松江是摄影家唐曦林的家乡,出于对家乡的眷恋,他从上世纪70年代起,便开始自发拍摄、记录松江古城的面貌。“拍松江的老街老屋,是出于对家乡的眷恋,留下一张定格的照片,是一个有文化的人的本能。”唐曦林说。

或许本文作者承认,她之前曾见过唐熙霖的这些照片,因此,这篇《郭街》更接近于照片所唤起的记忆。或许作者将郭街视为松江的一个缩影,沿着郭街的历史细细回望,这条老街在不同时代的不同风貌,勾勒出它自身的变迁。

中山东路233号,松江博物馆前明代石狮与卖菜归来的农民,1991年

宽街

郭街是位于松江中山中路南侧的一条老街,长三百余步,宽五六步,呈东西走向。

为什么叫阔街呢?是不是因为它比旧时松江城里的斜桥街、秀南街、仓桥街、三工街、下塘街、东门街等任何一条街都要宽呢?

唐先生在郭街生活了四五十年,童年、少年、青年时期都在这里度过。他说,那时的郭街是石板路,房屋全是徽派建筑。住户不全是松江本地人,还有苏南苏北、浙东浙西,甚至更远地方的人。那时的松江经济很发达,郭街就是一个缩影,有食品店、裁缝店、旅店、杂货铺、粮店、绣花会、竹木作坊、盲人算命摊、梅毒诊所等。总之,从东到西,一家又一家店铺……

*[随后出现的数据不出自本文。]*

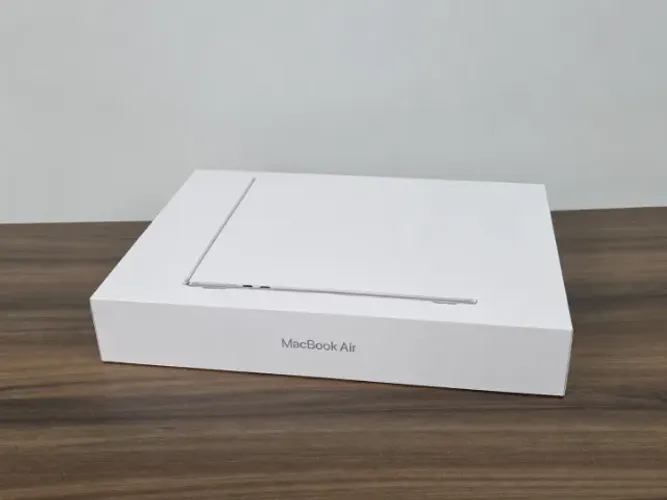 MacBook Air M5 novo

这里还有诊所、教堂和剧院。诊所、教堂和剧院可能是 Broad 如此出名的主要原因之一。

郭街开始搬迁,1997年

秀南街106号住宅楼内景,2000年

更别提之前了,民国时期郭街名医辈出,唐老爷子的舅舅是松江有名的儿科医生,30年代在同济大学师从德国教授学习西医;内科专家李旺平30年代留学日本医术;松江中医世家后裔王润林;传承秘方的著名外科医生萧守仁;还有《松江府志》记载的专治妇科病的老中医唐小扁子的孙子唐崇飞,名声有多大?就连周边的青浦、金山、奉贤一带的患者也纷纷前来就医,在没有高速公路、轻轨、私家车的年代,没有高超的医术,谁会不辞辛苦地从远方赶来? 到了1952年,松江联合诊所在郭街成立,原址是唐先生姑母家。1956年,联合诊所扩建,改名为联合医院。从此,更多著名的中西医专家陆续落户郭街……

斜桥街(人民路口、张祥和住宅),1995年

清代绿松石住宅,1995年

云间路街景,2010年。中国现代文学之父施蛰存曾在这条街上生活了三十年。据施蛰存回忆,日军轰炸前一天,他得知情况紧张,只带了一个行李箱,坐上救灾协会的车,离开松江前往上海。第二天,施蛰存的家和松江古城被夷为平地。从此,施蛰存再也没有松江的家了。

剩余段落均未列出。